The long-suspected but not formally confirmed Globalstar-Apple deal, disclosed Sept. 7 at Apple’s annual new-product event, surrenders much Globalstar control to Apple in return for a long-term supply of cash.

Among other things, the agreement commits Apple to paying 95% of the capex associated with a Globalstar contract with MDA Corp. of Canada and Rocket Lab to build 17 new Globalstar satellites, with an option for nine more.

The $327-million contract will require Globalstar to take out a loan, to be organized by Goldman Sachs, which is expected to be secured before the end of the year.

Apple will pay the interest costs of the loan in addition to 95% of its principal.

In return for the revenue Apple will be paying for the Globalstar service — an emergency-message feature on iPhone 14 models to be sold starting in November — Globalstar is scrapping its second-generation Duplex two-way service. Globalstar values its past investment in this service at $175 million.

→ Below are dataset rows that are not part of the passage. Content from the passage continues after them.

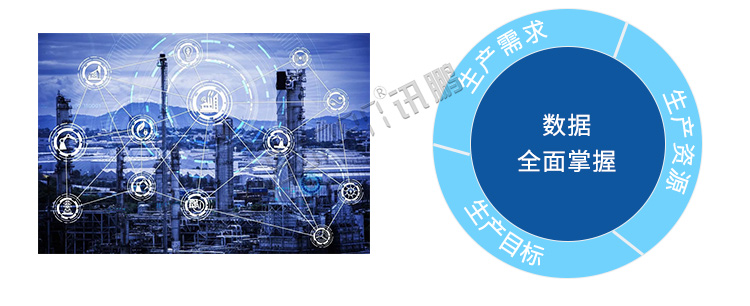 節(jié)拍計(jì)時(shí)器產(chǎn)品介紹 節(jié)拍計(jì)時(shí)器產(chǎn)品介紹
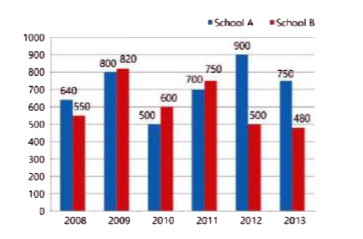 The given bar graph shows the number of students of two schools over a period of six years.      In the bar grnph, what is the ratio of ihe students taken for years the 2008, 20 12, 20 13 together from school A to ihe students taken for the years 2009, 20 lO, 20 11 together from school B?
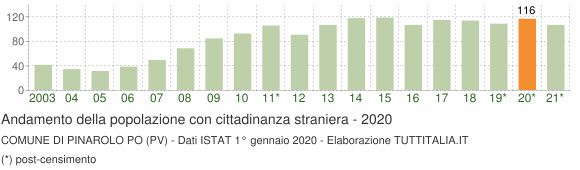 Grafico andamento popolazione stranieri Comune di Pinarolo Po (PV)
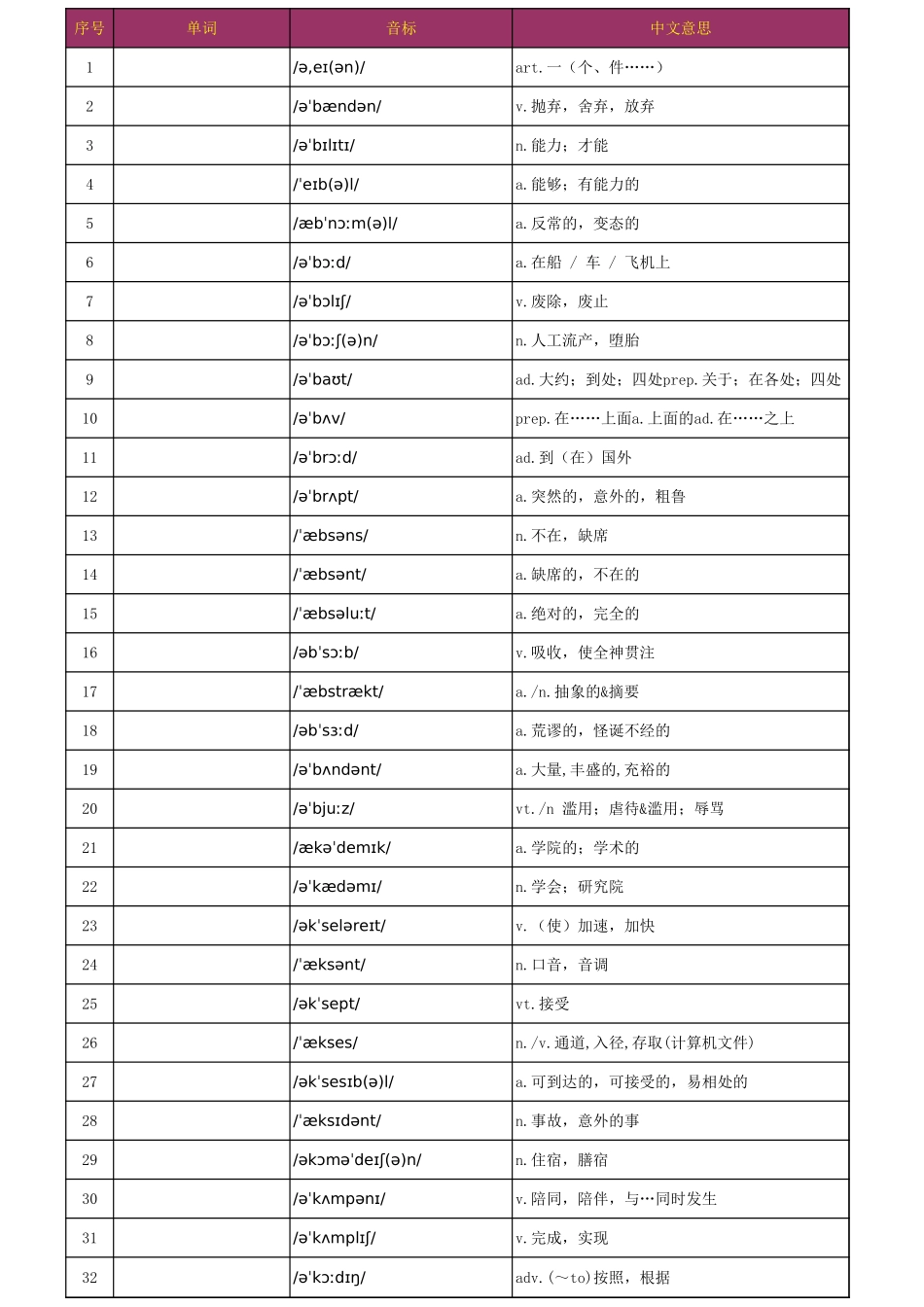 汉译英默写版完整完整完整_第1页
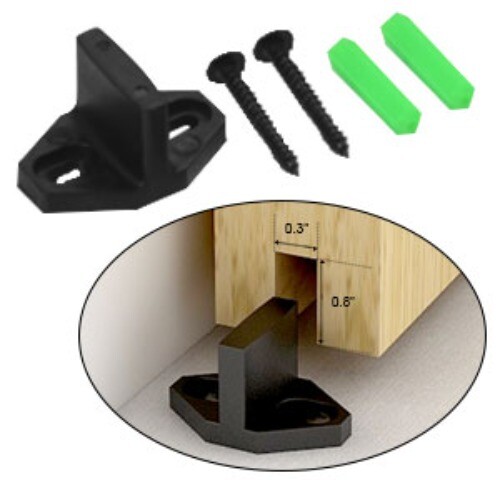 Ccjh pcs floor guide - 1,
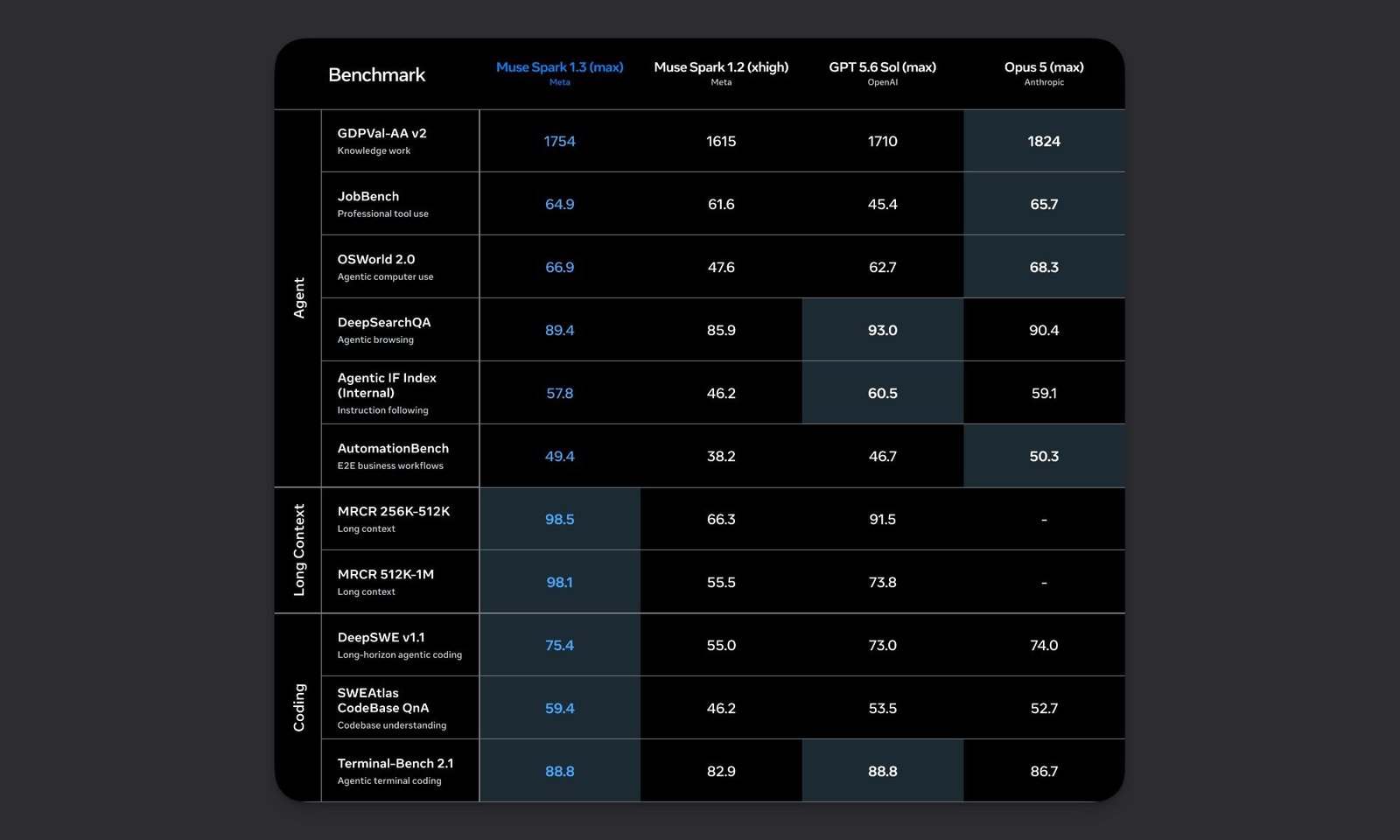 Muse Spark 1.3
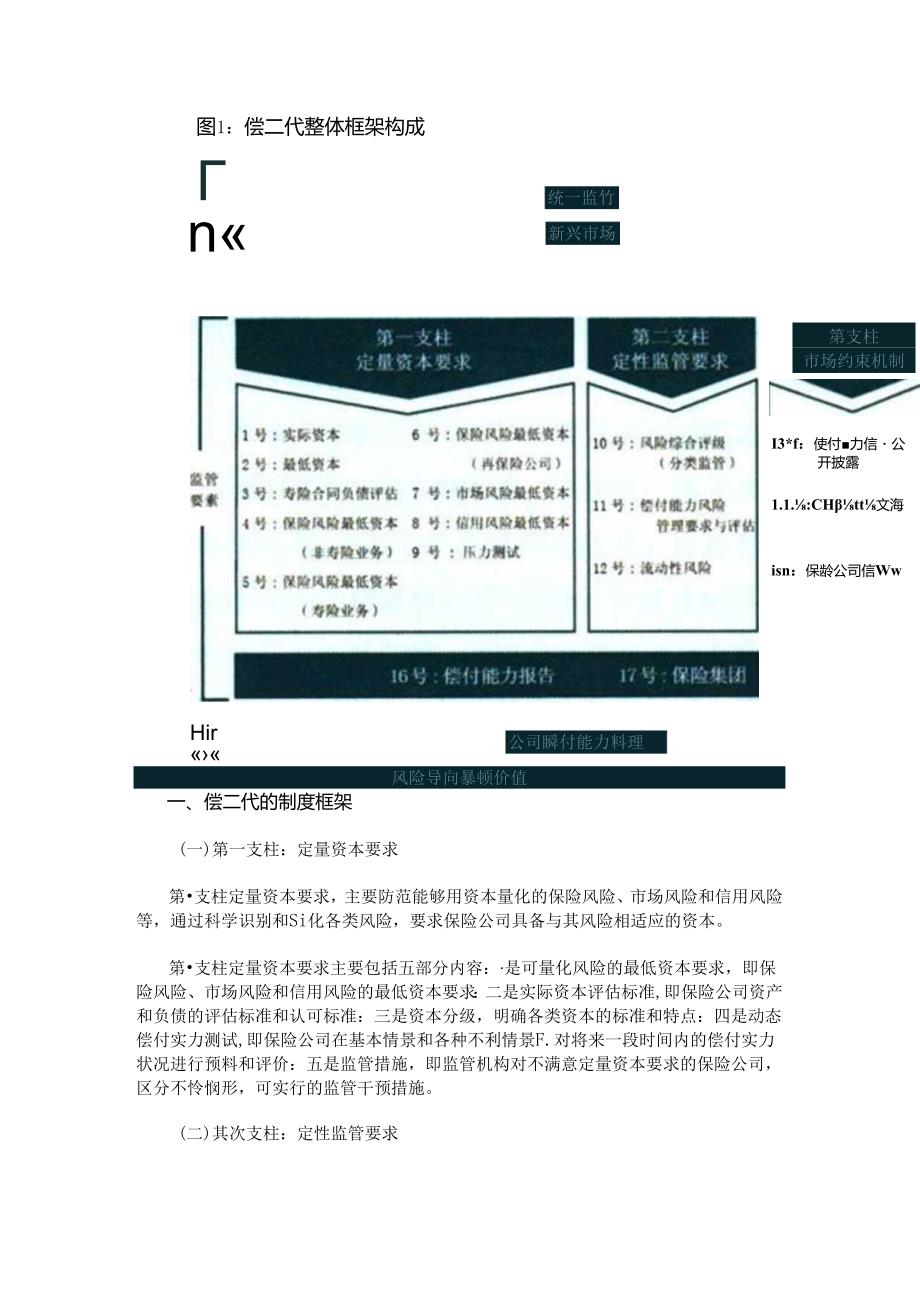 偿二代与欧美监管体系的比较研究(DOC).docx_第2页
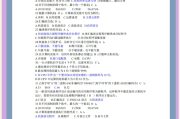 学习通大学美育期末题库(大学美育期末考试答案2021)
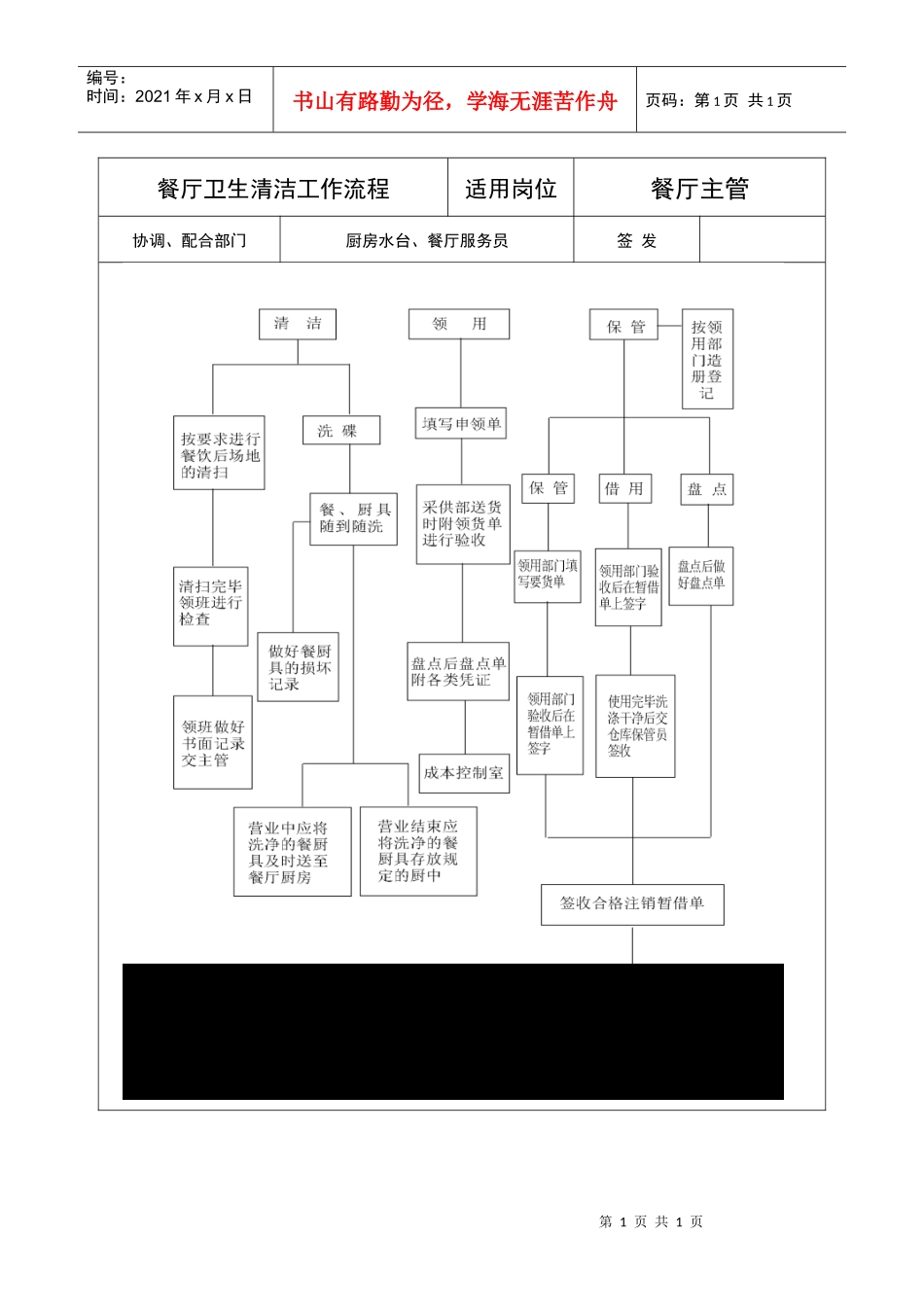 餐厅卫生清洁工作流程图_第1页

On the revenue Side, Globalstar expects the arrival of Apple to boost its revenue to $215 million in 2023, depending on how many Apple-related milestones it has achieved, and to generate a 55% EBITDA margin.

By 2026, when the MDA/Rocket Lab satellites will be in service, revenue should increase 35%, to $247.5 million, Globalstar said in a Sept. 7 filing with the U.S. Securities and Exchange Commission (SEC).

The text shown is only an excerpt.